> [TASK TO COMPLETE]
Before you return the lines below, strip out any images and keep every word as written.

> [COLLECTED DATA]
* * * *

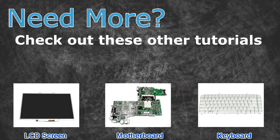Need more? Check out these other tutorials. For LCD screens, click here. For motherboards, click here. For keyboards, click here.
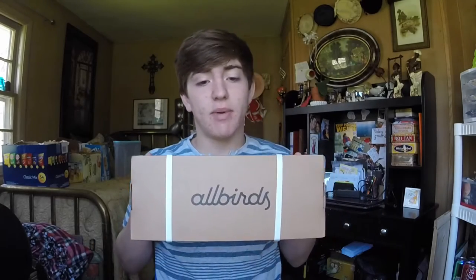I decided to go ahead and pick up a pair. I ordered them not too long ago. I sent a few emails to them and they emailed me back — really good customer service. They were responding to everything I said.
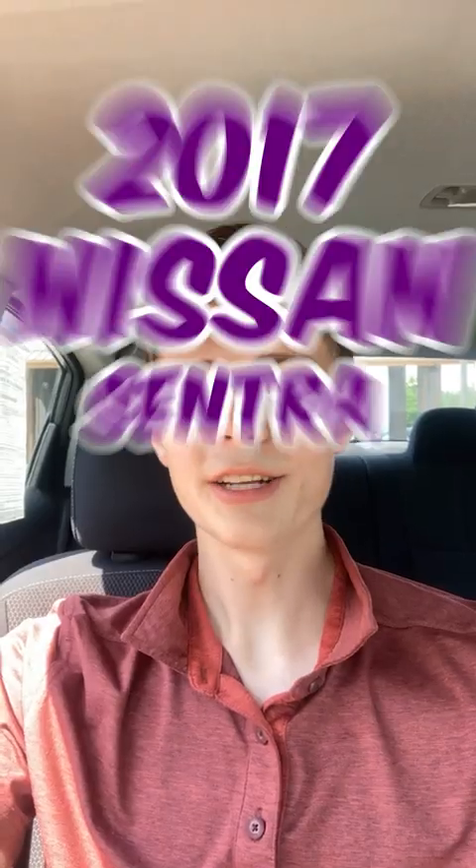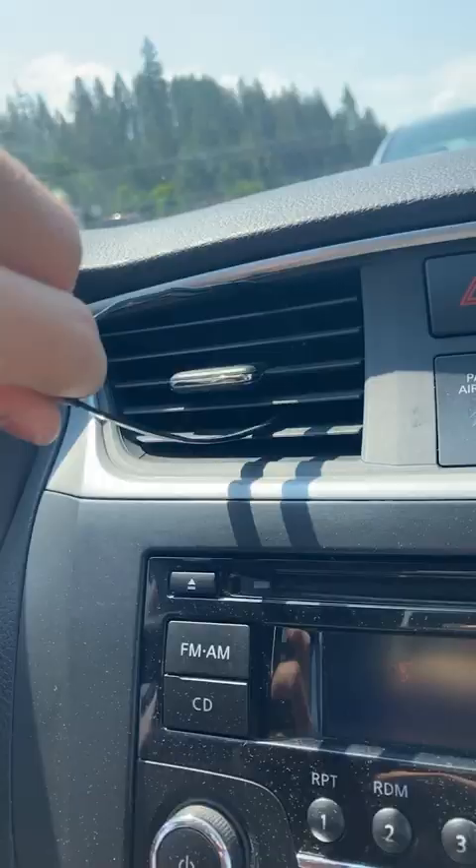I'm here in a 2017 Nissan Sentra to show you how to install the noggle. First, we're going to thread our reusable zip tie through the vent like so.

* * * *

> [WRITTEN RESPONSE]
Need more? Check out these other tutorials. For LCD screens, click here. For motherboards, click here. For keyboards, click here.
I decided to go ahead and pick up a pair. I ordered them not too long ago. I sent a few emails to them and they emailed me back — really good customer service. They were responding to everything I said.
I'm here in a 2017 Nissan Sentra to show you how to install the noggle. First, we're going to thread our reusable zip tie through the vent like so.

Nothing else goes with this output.